Dari Kayuhan Sepeda hingga Denting Mesin Matic
Pagi masih gelap ketika saya menuntun sepeda tua pemberian sahabat ke jalanan yang sepi, bingkai lampu jalan memberi jejak cahaya lembut. Setiap kayuhan terasa ritmis, seolah menyalakan semangat sebelum matahari benar-benar terbit. Angin dingin menyentuh pipi, membuat langkah kaki kian mantap menggiring pedal. Kurang lebih tiga tahun berkawan dengan deritan rantai sepeda yang kadang belepotan oli, atau kala kuyub di bawah siraman hujan. Itulah pengalaman sekian puluh tahun silam, masih terekam jelas.
Suara rantai yang berderit halus menjadi musik alam pagiku, sederhana, tapi penuh makna. Dalam setiap tarikan nafas, aku merasakan keseimbangan antara pikiran yang masih setengah terlelap dan tubuh yang bersemangat memulai hari. Sepeda itu bukan sekadar alat, melainkan sahabat yang mengajarkanku arti ketekunan dan keheningan pagi. Ia mengajarkan tentang mencapai tujuan tanpa bisingan, bekerja dalam diam, tanpa bikin heboh sebelum mengerjakan semuanya dengan tuntas hingga mencapai hasil sesuai keinginan.
Sahabat Mesin Matic
Seiring jadwal kerja yang menumpuk juga proyek penulisan bersama kementerian komunikasi dan informasi kala itu sehingga kredit motor selama 1 tahun, saya beralih ke motor matic, pilihan yang menjanjikan kecepatan tanpa repot. Ketika menyalakan mesin untuk pertama kali, getaran halusnya terasa seperti sapaan hangat, mendekatkanku pada ritme kota yang dinamis. Jok motor yang empuk dan setang yang ringan membuatku cepat menyesuaikan diri, menembus kemacetan dengan percaya diri.

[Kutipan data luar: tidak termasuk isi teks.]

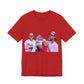 Alec Bohm Bryce Harper Wooder Philadelphia Unisex Jersey Short Sleeve Tee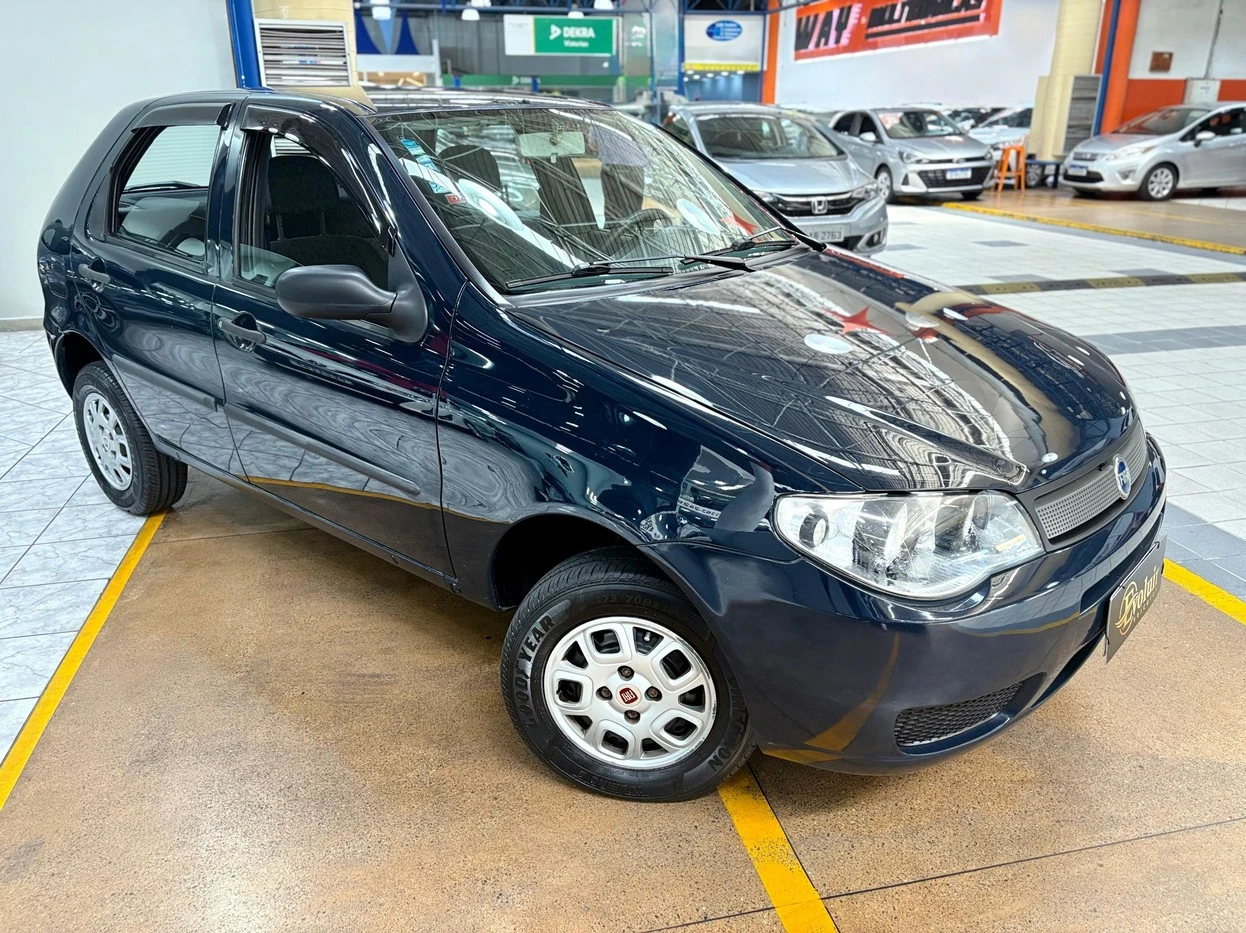FIAT PALIO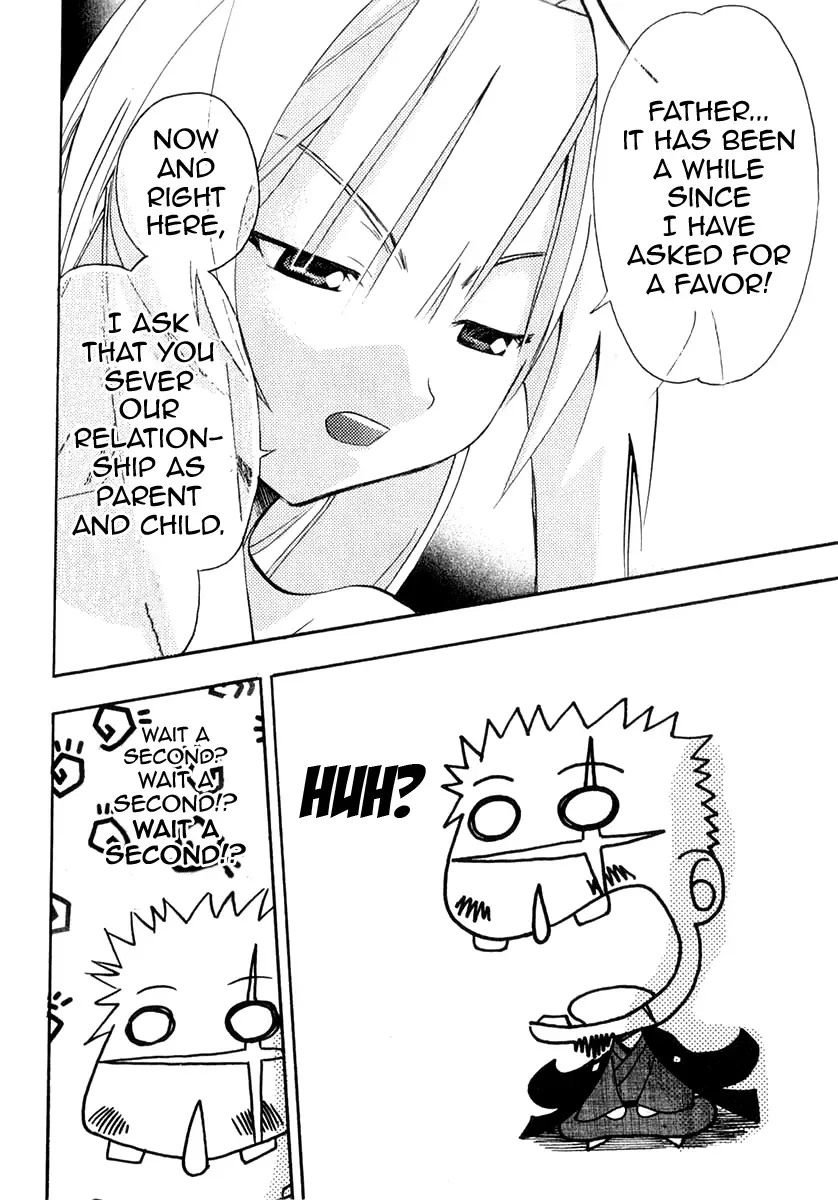 Seto no Hanayome Chapter 22 page 8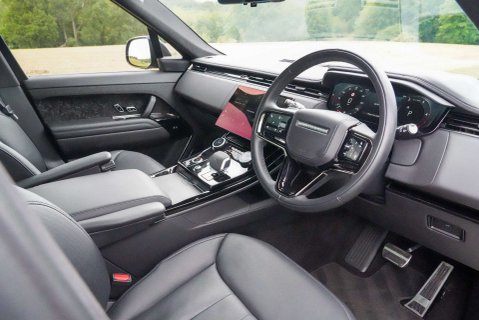 Land Rover Range Rover Sport D350 First Edition 9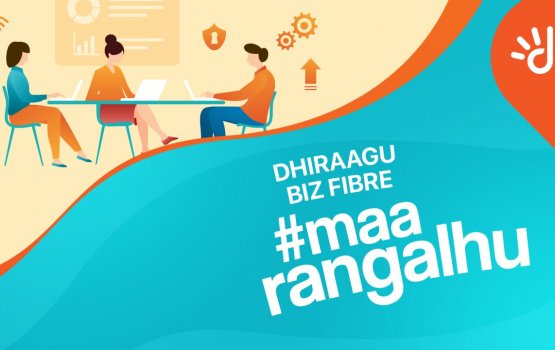 Dhiraagu upgrades Biz Fibre Broadband packages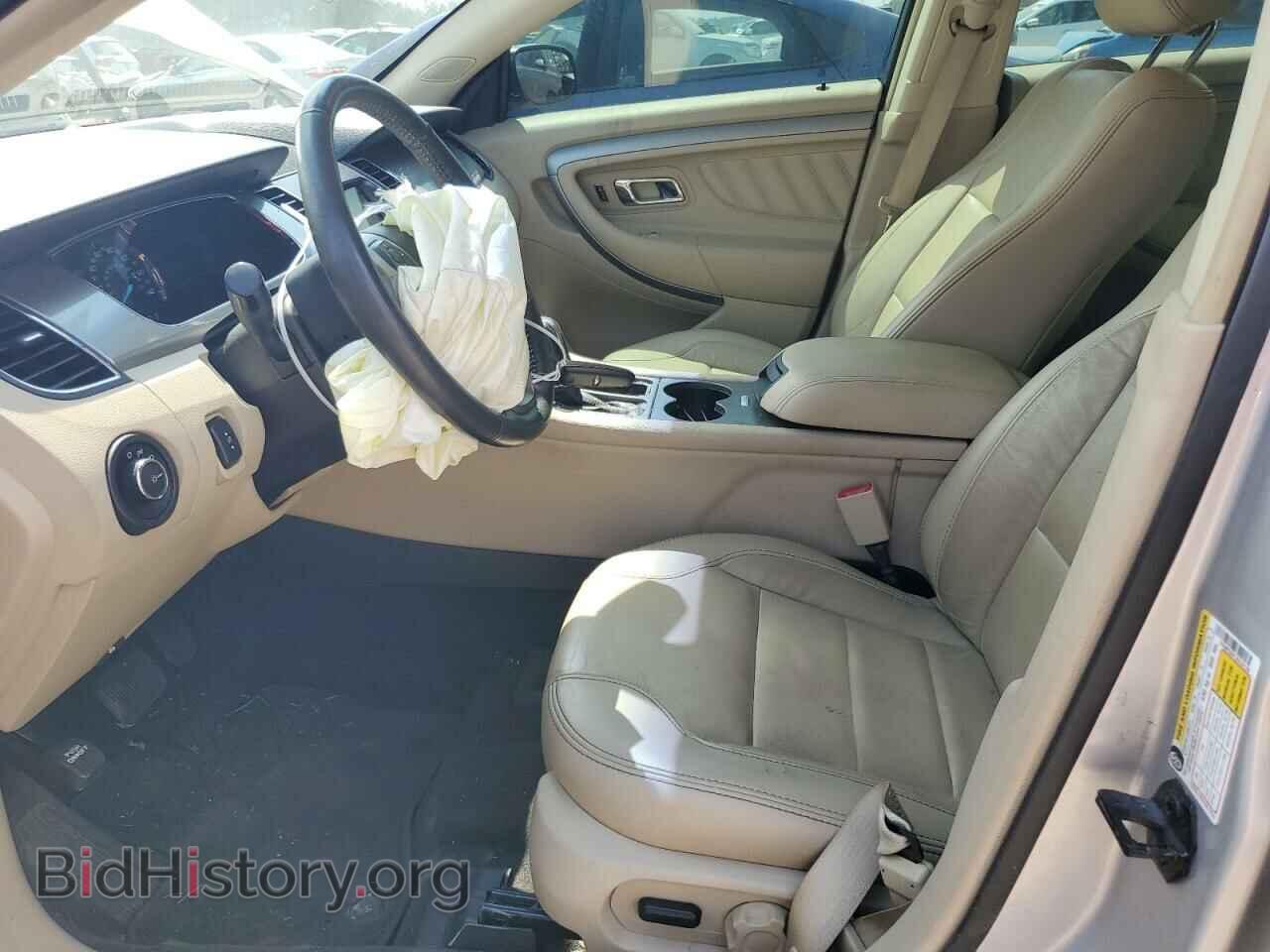 2018 FORD TAURUS - VIN: 1FAHP2E87JG132129 - Photo 7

Motorku selalu siap diajak muter - belanja di pasar, menjemput anak pulang sekolah, bahkan mampir sebentar beli nasi goreng favorit. Perawatan rutin sekadar cek oli dan tekanan ban; mudah, cepat, tanpa drama. Dengan motor matic itu, perjalanan harian terasa seperti dialog ramah: aku memberi bensin, ia membalas setia dengan performa ringan.
Momen Hujan dan Lampu Sein
Suatu sore tiba-tiba hujan deras mengguyur jalanan, turun tanpa aba-aba. Jas hujan tipis kuulurkan, helm hampir terbang tertiup angin, tapi motorku tetap stabil melaju di aspal basah. Rintik air mengalir di visor, menghadirkan sensasi segar sekaligus menegangkan, namun saya tertawa sendirian, menikmati adrenalin petualangan kecil itu.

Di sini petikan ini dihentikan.